Às 8h15 do dia 6 de agosto de 1945, uma bomba atômica explodiu em Hiroshima, Japão, devastou a cidade e matou dezenas de milhares de habitantes. Meu pai havia-se recusado a adorar o imperador e a apoiar o militarismo do Japão, de modo que era um detento na prisão de Hiroshima.
PAPAI muitas vezes contou o que ocorreu naquela memorável manhã. “Houve um clarão no teto da minha cela”, disse ele. “Daí ouvi um terrível estrondo, como se todas as montanhas tivessem desmoronado ao mesmo tempo. Instantaneamente, a cela ficou envolta em densa escuridão. Enfiei a cabeça debaixo do colchão, para me proteger contra o que parecia ser um gás escuro.
“Depois de uns sete ou oito minutos, ergui a cabeça de debaixo do colchão e vi que o ‘gás’ havia se dissipado. Estava claro de novo. Objetos que estavam na prateleira haviam caído ao chão, junto com muita poeira, causando uma tremenda sujeira. As muralhas que cercavam a prisão impediram a passagem do fogo que vinha de fora.
“Olhei pela janela dos fundos e fiquei estarrecido! As oficinas da prisão e as dependências de madeira haviam caído rente ao chão. Daí, olhei pela janelinha da frente. As celas do bloco em frente estavam totalmente destruídas. Prisioneiros sobreviventes gritavam por ajuda. Havia medo e pânico — uma cena de terrível confusão e terror.”

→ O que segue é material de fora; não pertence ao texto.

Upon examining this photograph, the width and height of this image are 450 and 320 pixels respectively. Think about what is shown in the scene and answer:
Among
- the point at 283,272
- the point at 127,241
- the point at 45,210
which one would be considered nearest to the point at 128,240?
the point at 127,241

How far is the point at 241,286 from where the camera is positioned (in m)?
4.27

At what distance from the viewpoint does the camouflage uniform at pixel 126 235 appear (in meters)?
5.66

Quando era menino, eu vibrava em ouvir papai contar como, conforme ele dizia, “foi tirado da prisão pela bomba atômica”. Ele contava a história sem sentimentos de culpa, pois havia sido preso injustamente. Antes de falar sobre as acusações contra meu pai e o tratamento que recebeu nos seus anos de confinamento, permita-me explicar como meus pais se tornaram associados da Todaisha, como então se chamava a Sociedade Torre de Vigia de Bíblias e Tratados no Japão.
Em busca de um objetivo
Papai era apaixonado por livros e, desde cedo, tentou progredir na vida. Quando ainda estava na quinta série do primeiro grau, ele saiu furtivamente de casa, em Ishinomori, no nordeste do Japão. Com dinheiro apenas para a viagem de ida, ele embarcou num trem para Tóquio, decidido a trabalhar de serviçal na casa de Shigenobu Okuma, que havia sido duas vezes primeiro-ministro do Japão. Mas quando esse malvestido garoto interiorano apareceu na casa do Sr. Okuma, seu pedido de emprego foi recusado. Mais tarde, papai conseguiu emprego e pousada numa leiteria.

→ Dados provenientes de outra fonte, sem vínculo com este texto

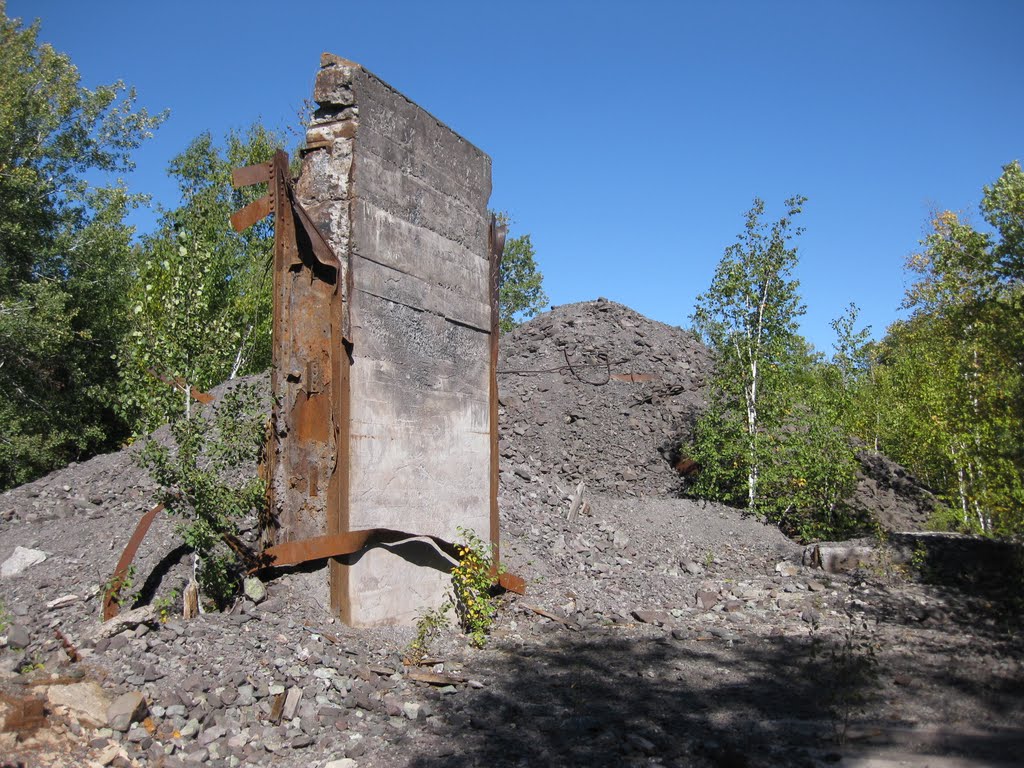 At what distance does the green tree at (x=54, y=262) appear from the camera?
1412 centimetres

Ainda adolescente, papai passou a assistir a discursos de políticos e eruditos. Num destes, foi dito que a Bíblia é um livro muito importante. Assim, papai adquiriu uma Bíblia, com referências cruzadas e atlas bíblico. Ficou profundamente impressionado com o que leu e sentiu-se induzido a realizar obras em benefício de toda a humanidade.

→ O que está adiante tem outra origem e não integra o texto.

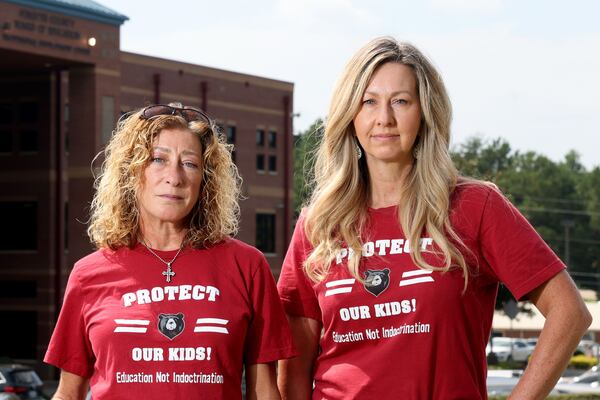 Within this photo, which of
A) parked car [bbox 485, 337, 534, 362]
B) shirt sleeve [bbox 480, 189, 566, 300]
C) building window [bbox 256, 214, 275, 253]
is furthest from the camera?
parked car [bbox 485, 337, 534, 362]

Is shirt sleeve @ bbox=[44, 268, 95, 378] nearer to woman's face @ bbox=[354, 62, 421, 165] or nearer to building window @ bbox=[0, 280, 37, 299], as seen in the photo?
woman's face @ bbox=[354, 62, 421, 165]

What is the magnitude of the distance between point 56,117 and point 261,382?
42280 mm

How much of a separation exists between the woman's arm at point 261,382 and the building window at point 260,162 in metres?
52.3

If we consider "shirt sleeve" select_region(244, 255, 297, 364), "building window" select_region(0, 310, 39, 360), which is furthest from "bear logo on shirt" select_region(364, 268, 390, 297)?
"building window" select_region(0, 310, 39, 360)

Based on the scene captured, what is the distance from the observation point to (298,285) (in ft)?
16.5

Com o tempo papai voltou para casa e, em abril de 1931, aos 24 anos, casou-se com Hagino, de 17. Pouco depois do casamento, um parente enviou a meu pai certas publicações da Todaisha. Impressionado com o que leu, papai escreveu à Todaisha, em Tóquio. Em junho de 1931, uma ministra de tempo integral de Sendai, Matsue Ishii, visitou-o em Ishinomori.a Papai adquiriu vários livros, incluindo A Harpa de Deus, Criação e Governo.
Encontrou um objetivo na vida
Quase de imediato papai percebeu que vários ensinos das igrejas, tais como ter o homem uma alma imortal, os perversos arderem para sempre no inferno e ser o Criador um Deus trino, eram falsos. (Eclesiastes 9:5, 10; Ezequiel 18:4; João 14:28) Deu-se conta também de que este mundo acabaria. (1 João 2:17) Querendo saber o que devia fazer, ele contatou o representante designado da Todaisha, que o visitou em agosto de 1931 e, em resultado de suas palestras, papai foi batizado e decidiu tornar-se ministro de Jeová de tempo integral.
Depois de muitas palestras, minha mãe também se convenceu de que as coisas que havia aprendido da Bíblia eram a verdade. Ela dedicou sua vida a Jeová e foi batizada em outubro de 1931. Quando meu pai colocou em leilão os seus bens, seus parentes achavam que ele havia perdido a razão.
Vida como ministros de tempo integral
Papai deu todo o dinheiro do leilão à sua mãe, e ele e minha mãe foram a Tóquio, em novembro de 1931. Embora não tivessem sido instruídos sobre como falar a outros sobre as boas novas do Reino, eles iniciaram a pregação no dia seguinte à sua chegada. — Mateus 24:14.
A vida deles não era fácil. Especialmente para minha mãe, que tinha apenas 17 anos. Não havia outras Testemunhas de Jeová, nem reuniões nem congregação — apenas uma rotina diária de distribuir publicações bíblicas de casa em casa das 9 da manhã às 4 da tarde.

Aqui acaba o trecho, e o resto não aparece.